Project Objectives
General objective: to design sensorial systems, models, detection and measurement algorithms, for tracking the head, eyes and facial features, able to work indoor and outdoor, without constraints on the user behavior.
Specific objectives:
O1: Sensorial system setup: the project will develop an original hardware setup based on three cameras to accurately estimate and track the features of interest. Two regular, monochrome cameras, with a large field of view (FOV) will form the stereovision system used to track the head movements, extract depth information and analyze the body posture. Based on the data gathered from these two cameras, a pan tilt unit will orient the third camera, with a narrower FOV, to perceive only the head area. The third camera is a color, high speed camera used for estimating facial features and to accurately detect rapid movements, such as micro saccades and microexpressions.
O2: Development of an efficient sensorial system calibration methodology: the three cameras along with the pan tilt unit will be calibrated into a common reference frame. The calibration will not be dependent on the user, but will be intrinsic to the sensorial system. In order to minimize the set up effort, an efficient reference target and a software tool for automatic identification of the target features has to be developed.
O3: Stereovision for head and face tracking: this objective aims at finding the most efficient dense stereovision solutions for 3D points reconstruction in the specific application of head and facial features tracking. First, existing stereovision solutions available to our group will be tried and their accuracy in measuring the 3D properties of a face will be evaluated. Improved stereovision solutions will be developed, if needed.
O4: Head geometry and pose modeling and tracking using stereo information: the head will be modeled as a parametric 3D object, along with its posture. The head will be tracked using the 2D and 3D data delivered by stereovision as measurement information, in a probabilistic estimation framework (Kalman filtering, Particle filtering). The position, attitude and motion of the head are important features in themselves, and the result will allow the third camera to lock onto the face and the eyes.
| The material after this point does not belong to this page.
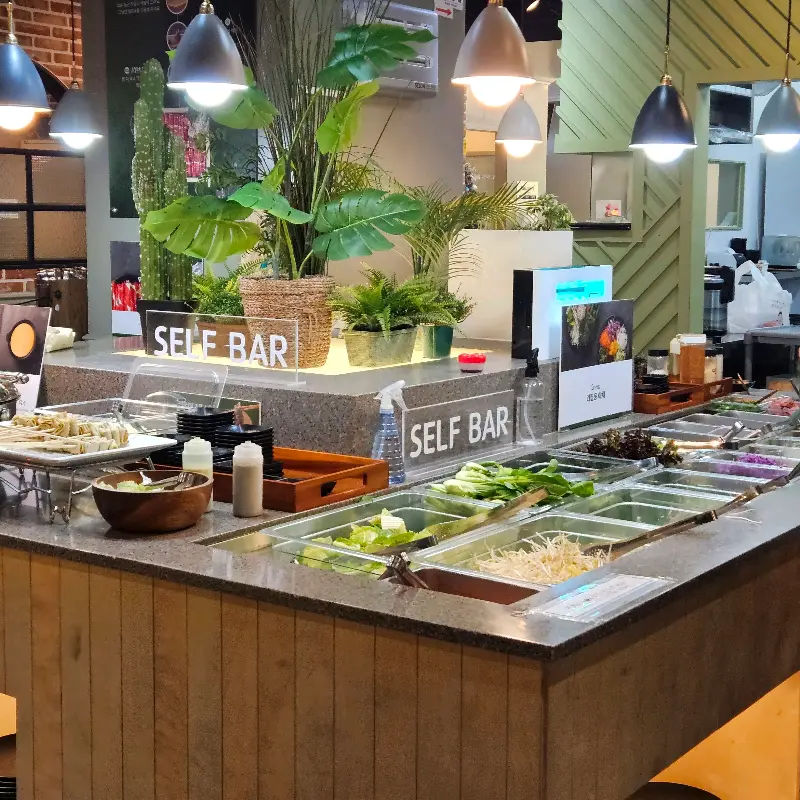 아이들을 위한 놀이방도 마련되어 있어, 가족 외식 장소로도 좋다.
O5: Detection and tracking of facial features: Using the high speed camera focused on the subject’s face, facial features will be perceived: the pupil size will be analyzed in order to determine several pupillometric measures, such as pupillograms, the percent change of pupil size, etc; eye movements and saccade dynamics (amplitude, peak velocity, duration, latency); eye gaze will be 17 estimated and tracked; motions of the other facial features such as eyebrows or lips will be analyzed for micro expression estimation.
O6: Demonstrator applications: the detected and tracked features will be integrated into a demonstrator application such as driving attention monitoring, gaze tracking for human computer interface, or detection of several emotional states.
O7: Dissemination: articles and patents describing the most important technological achievements of the project will be written and submitted.